• _WHAT TO WORK ON_: Only the lines from the one containing "I Love Bats Graphic T-Shirt - Black" to the end of the records belong in the answer; repeat them exactly and drop the pictures.

• _Web page caption snippets_:
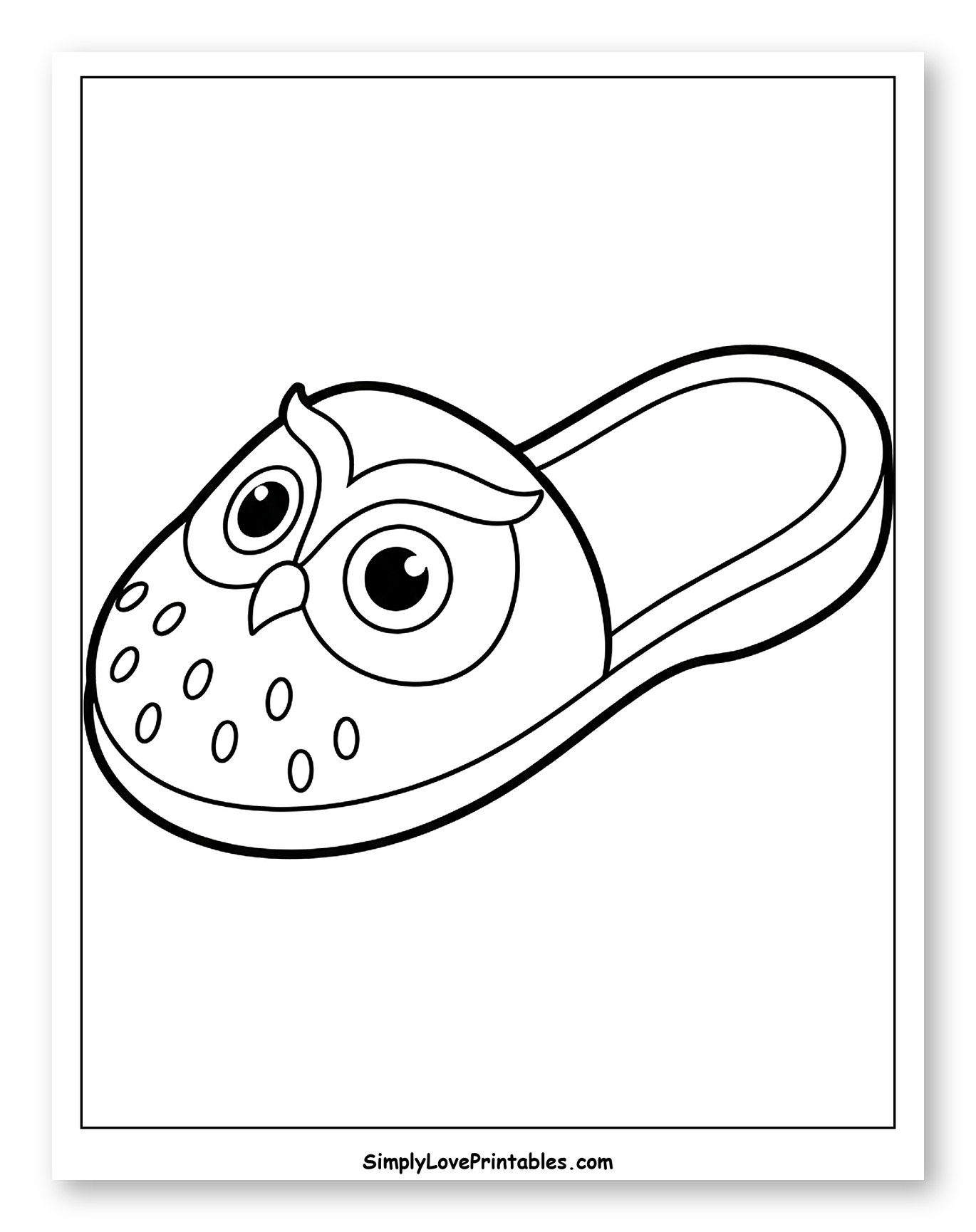 Cute Owl Slipper with Patterned Toes Coloring Sheet for Toddlers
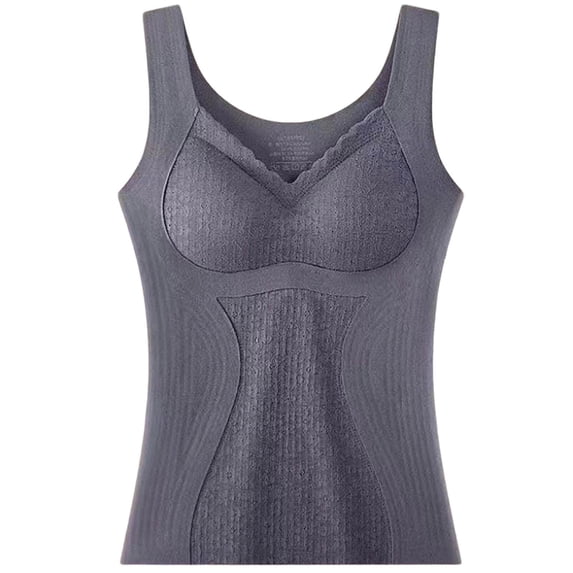 Women's Winter thermal Fleece Lined Tank Top with Built-in Bra, Seamless Padded Warm Base Layer Vest Underwear Dark Gray XXL(XXL)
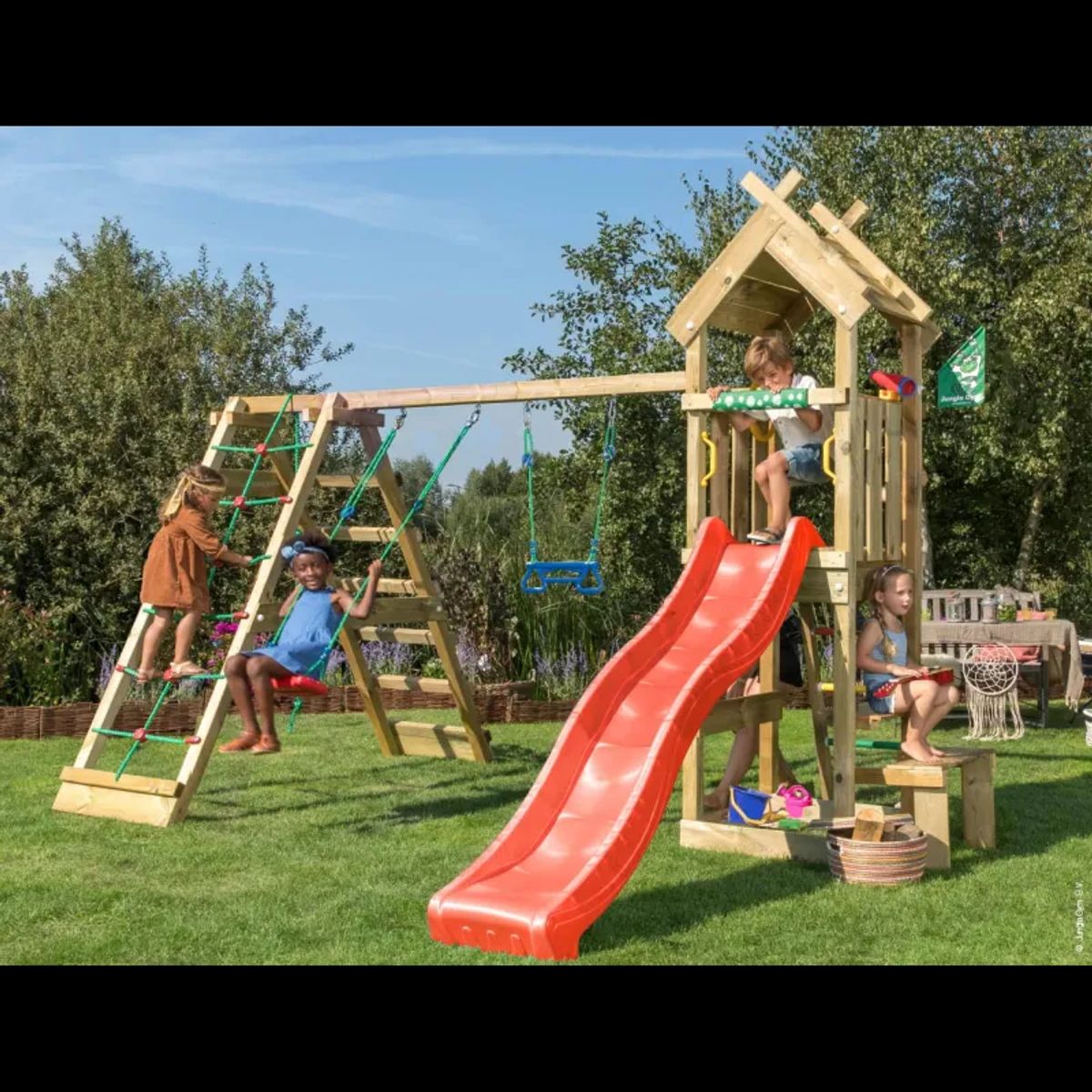 Jungle Gym Totem legetårn komplet inkl. klatremodul og rød rutschebane 804-073C2R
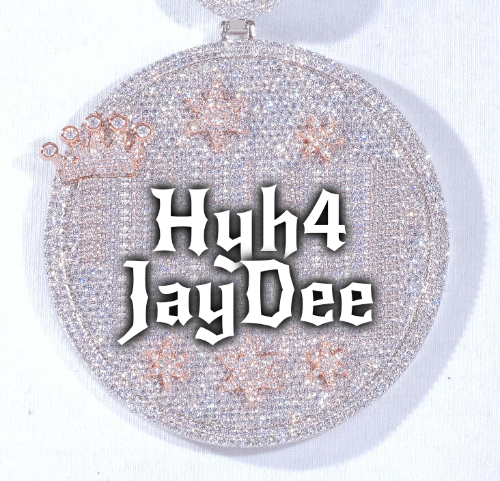 CUSTOM LETTER NECKLACE 3D BIG CROWN DISC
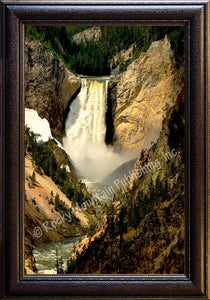 (RMP-MT2017G) "Yellowstone Falls" Western Framed Canvas Print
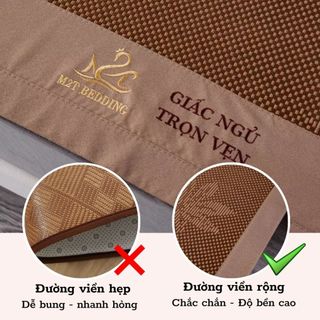 Chiếu mây lụa cao cấp M2T BEDDING mềm, mịn, mát, tặng kèm 2 vỏ gối nằm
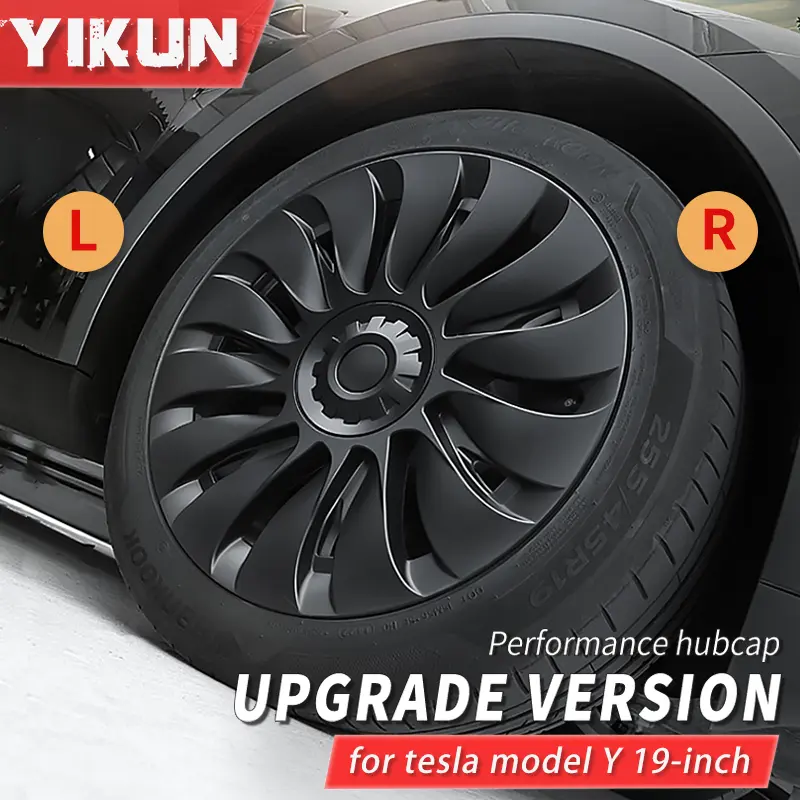YIKUN 4PCS 19-in Wheel Disc Covers, Tesla Model Y Performance (2020-2024) Car Rim Accessories, Snap-in Extrusion Installation, Aerodynamic, Wind Resistance Reducing, Weather-Resistant, Efficiency-Boosting, Easy to Install & Clean, Wheel Disc Cover, Cover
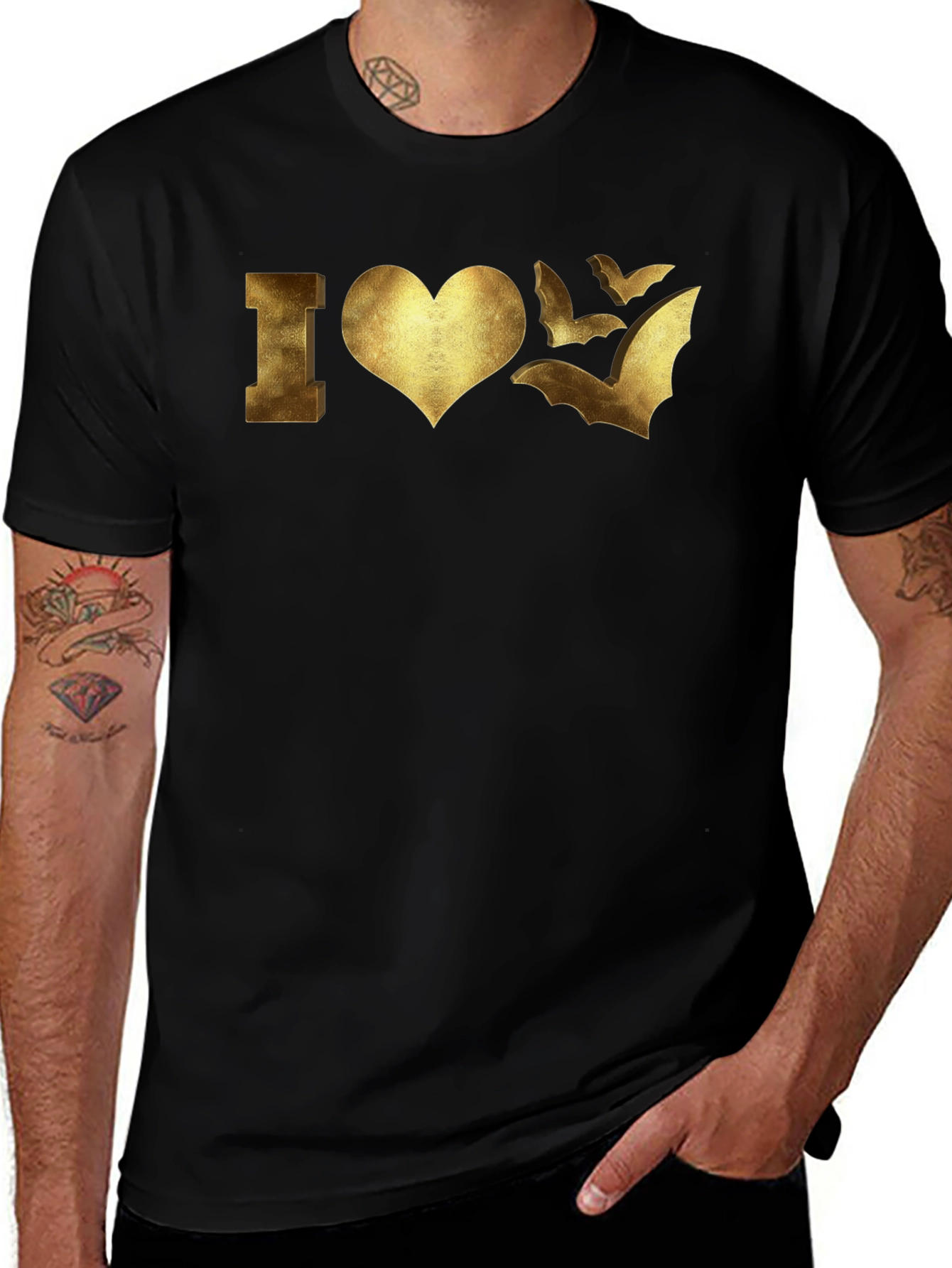I Love Bats Graphic T-Shirt - Black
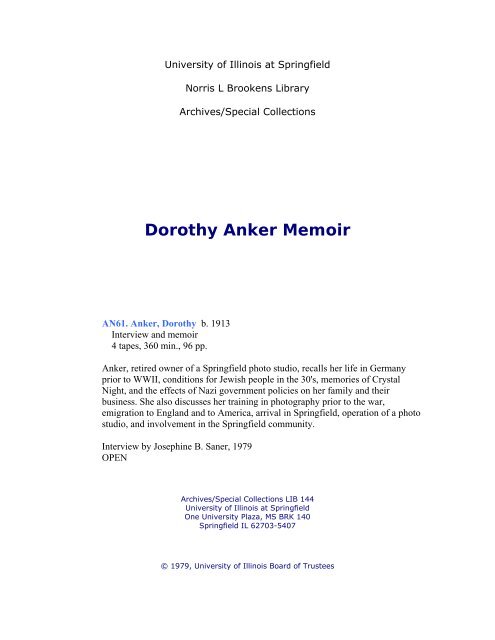 Dorothy Anker Memoir - University of Illinois Springfield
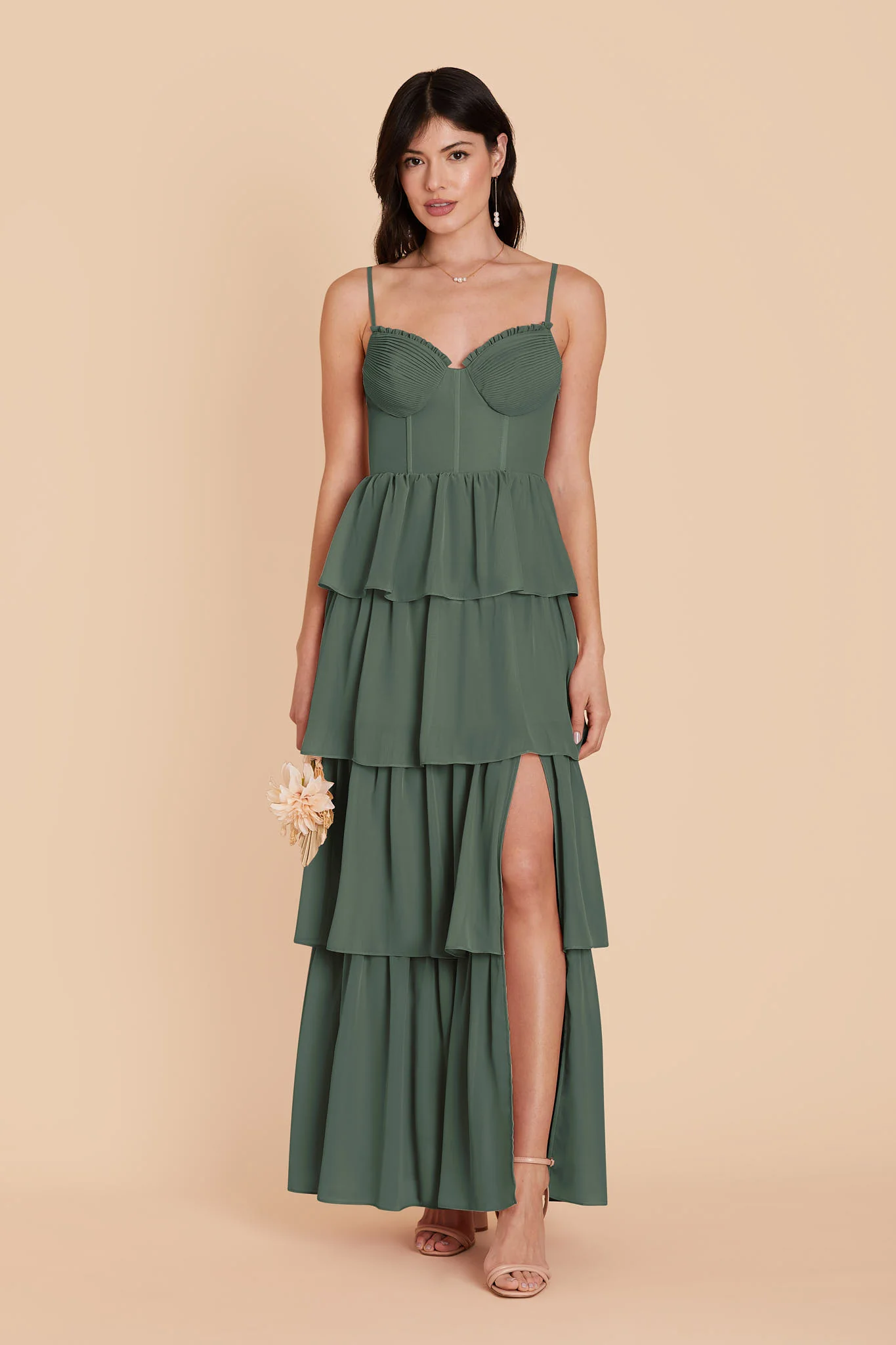 Lola Chiffon Dress - Eucalyptus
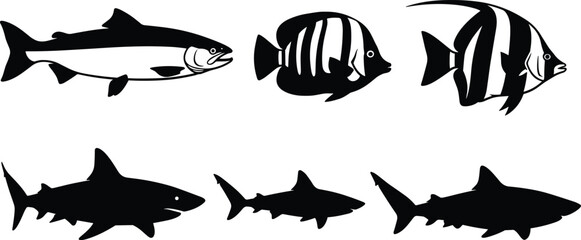 Black fish and shark silhouette vector set featuring tropical reef fish, predatory sharks, and marine life isolated on white background for aquatic nature designs. © IconicCreations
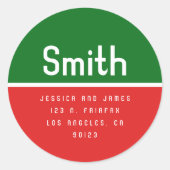 Retro Modern Return Address  ラウンドシール (正面)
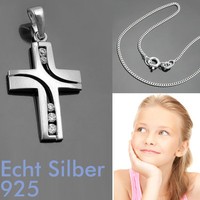 Kinder Taufe Kommunion Konfirmation Zirkonia Kreuz AnhäNger Mit Kette Silber 925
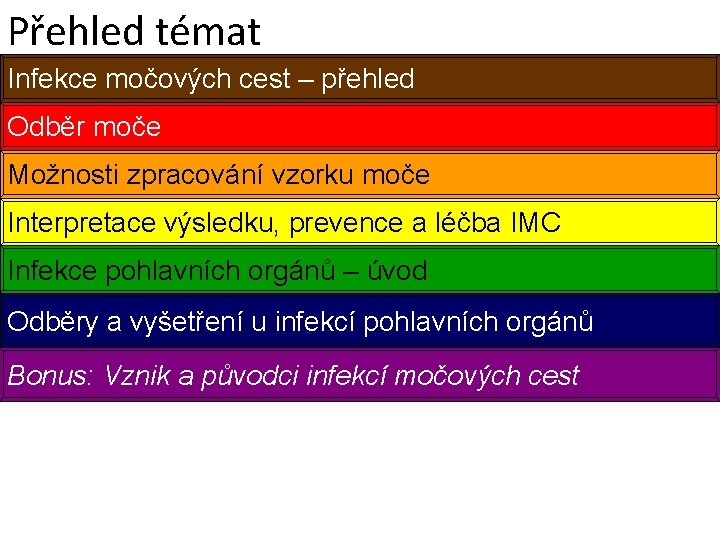 Přehled témat Infekce močových cest – přehled Odběr moče Možnosti zpracování vzorku moče Interpretace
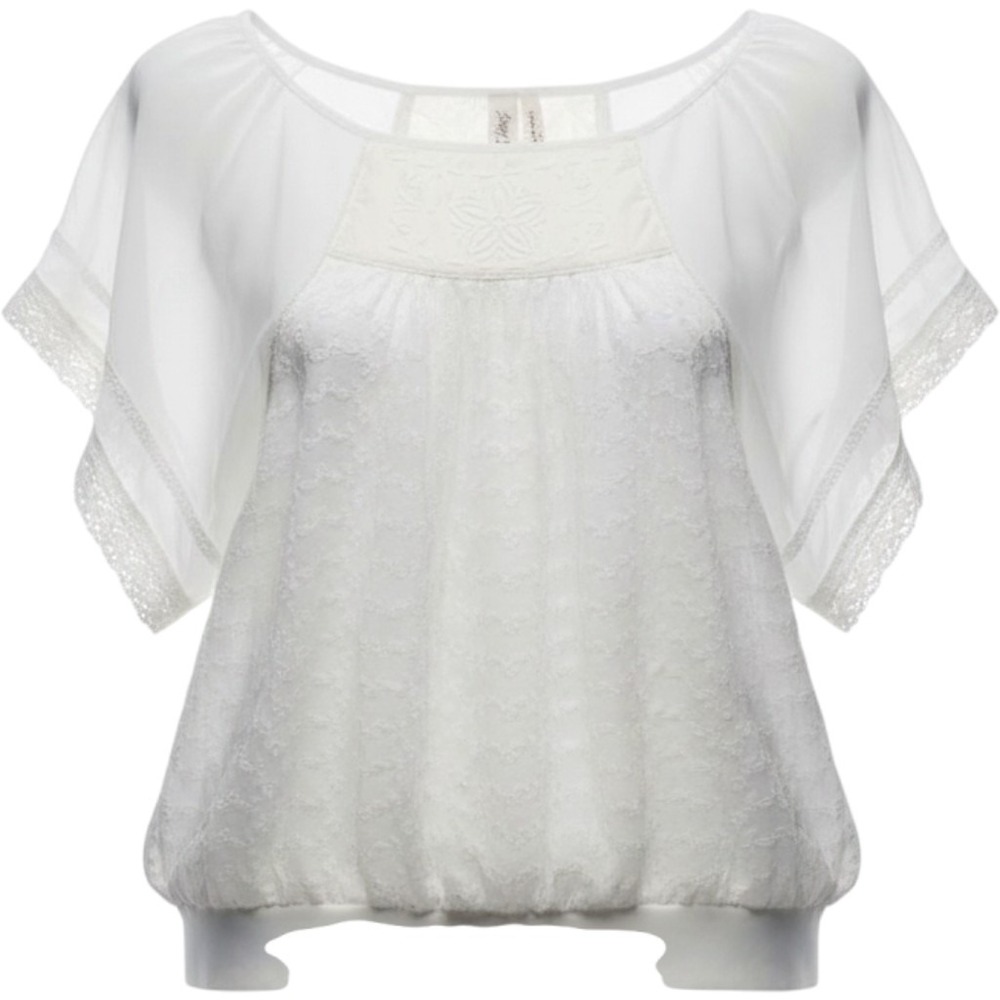 Black‎ Sheep Sheer Embroidered Floral Blouse Top Short Sleeve Ivory Women's M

• _SOLUTION_:
I Love Bats Graphic T-Shirt - Black
 Dorothy Anker Memoir - University of Illinois Springfield
 Lola Chiffon Dress - Eucalyptus
 Black fish and shark silhouette vector set featuring tropical reef fish, predatory sharks, and marine life isolated on white background for aquatic nature designs. © IconicCreations
 Retro Modern Return Address  ラウンドシール (正面)
 Kinder Taufe Kommunion Konfirmation Zirkonia Kreuz AnhäNger Mit Kette Silber 925
 Přehled témat Infekce močových cest – přehled Odběr moče Možnosti zpracování vzorku moče Interpretace
 Black‎ Sheep Sheer Embroidered Floral Blouse Top Short Sleeve Ivory Women's M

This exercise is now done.